Last Updated: 19 Jan, 2022
Inorder Traversal
Easy
Asked in companies
You have been given a Binary Tree of 'n' nodes, where the nodes have integer values. Your task is to return the In-Order traversal of the given binary tree.
For example :
For the given binary tree:
The Inorder traversal will be [5, 3, 2, 1, 7, 4, 6].
Input Format :
The first line contains elements of the tree in the level order form.
The line consists of values of nodes separated by a single space.

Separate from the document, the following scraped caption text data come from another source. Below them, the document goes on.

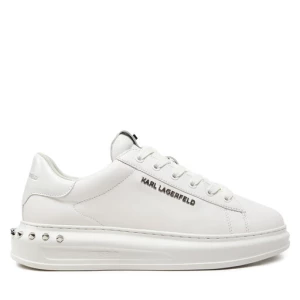 Sneakersy KARL LAGERFELD KL52574A Biały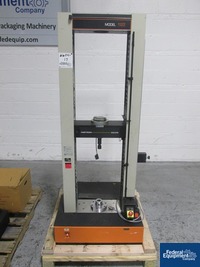 Image of Instron Tensile Tester, model 1122 02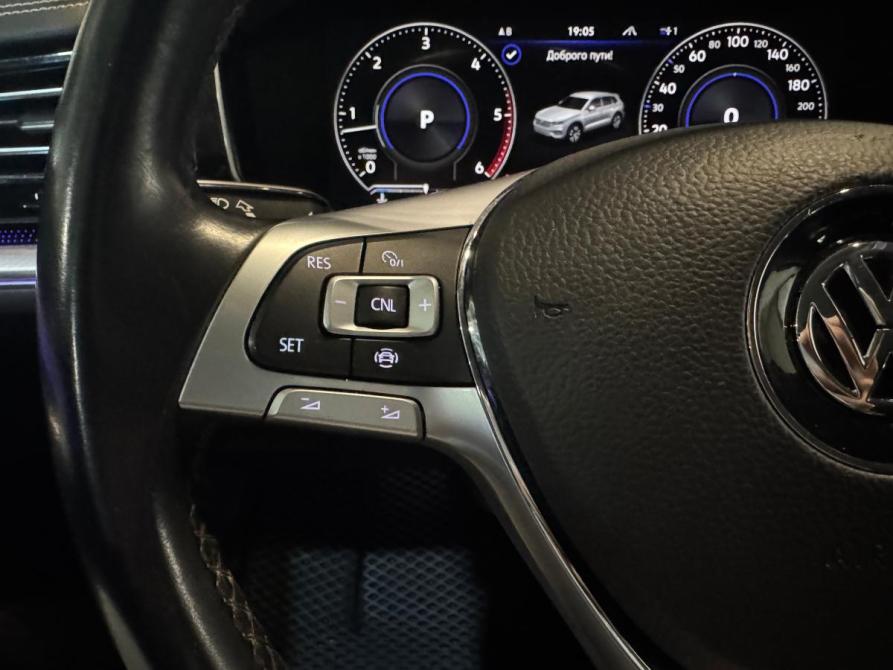 Volkswagen Touareg III Санкт-Петербург  - изображение 12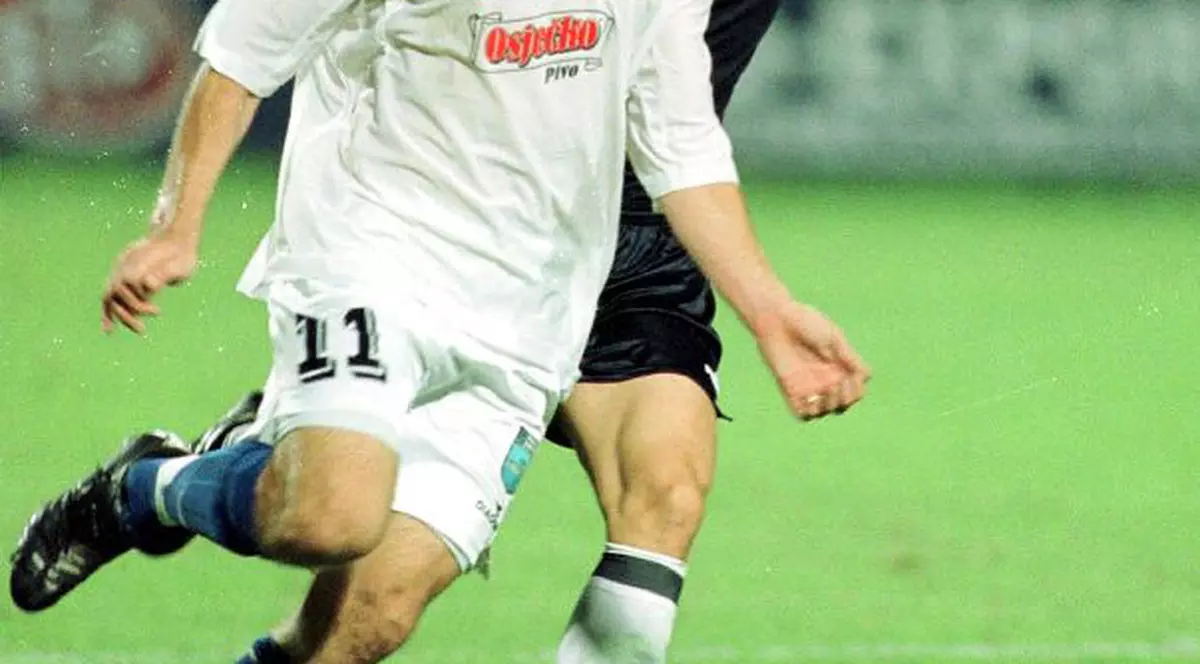 Dumitru Mitu a fost coleg la Dinamo Zagreb cu Luka Modrici: ”Era un copil cuminte şi muncitor”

In case a node is null, we take -1 in its place.
Example :
The input for the above tree is:
1 3 8 5 2 7 -1 -1 -1 -1 -1 -1 -1
Explanation :
Level 1 :
The root node of the tree is 1
Level 2 :
Left child of 1 = 3
Right child of 1 = 8
Level 3 :
Left child of 3 = 5
Right child of 3 = 2
Left child of 8 = 7
Right child of 8 = null (-1)
Level 4 :
Left child of 5 = null (-1)
Right child of 5 = null (-1)
Left child of 2 = null (-1)
Right child of 2 = null (-1)
Left child of 7 = null (-1)
Right child of 7 = null (-1)
1
3 8
5 2 7 -1
-1 -1 -1 -1 -1 -1
Output Format :
The output contains 'n' single space-separated integers denoting the node's values in In-Order traversal.
Note :
You don't need to print anything, it has already been taken care of. Just implement the given function.
Approaches
As we can see, before processing any node, the left subtree is processed first, followed by the node, and the right subtree is processed at last. These operations can be defined recursively for each node. The recursive implementation is referred to as a Depth-first search (DFS), as the search tree is deepened as much as possible on each child before going to the next sibling.
The steps are as follows :
- We create a recursive function inOrderHelper() which takes the root of the tree as an argument.
- inOrderHelper() :
- Visit the left subtree of ‘node’ i.e., call inOrderHelper(‘node’ -> left).
- Visit ‘node’ and if ‘node’ != NULL then add data of node to answer.
- Visit the right subtree of ‘node’ i.e., call inOrderHelper(‘node’ -> right).
To convert the above recursive procedure into an iterative one, we need an explicit stack.
The steps are as follows :
- Create an empty stack and initialize the current node as root.
- Run a loop until ‘CURRENT’ != NULL or stack is not empty:
- Push current node to stack and do ‘CURRENT’ = ‘CURRENT’ -> left until ‘CURRENT’ != NULL.
- Then pop the top node from the stack and add data from the popped node to answer.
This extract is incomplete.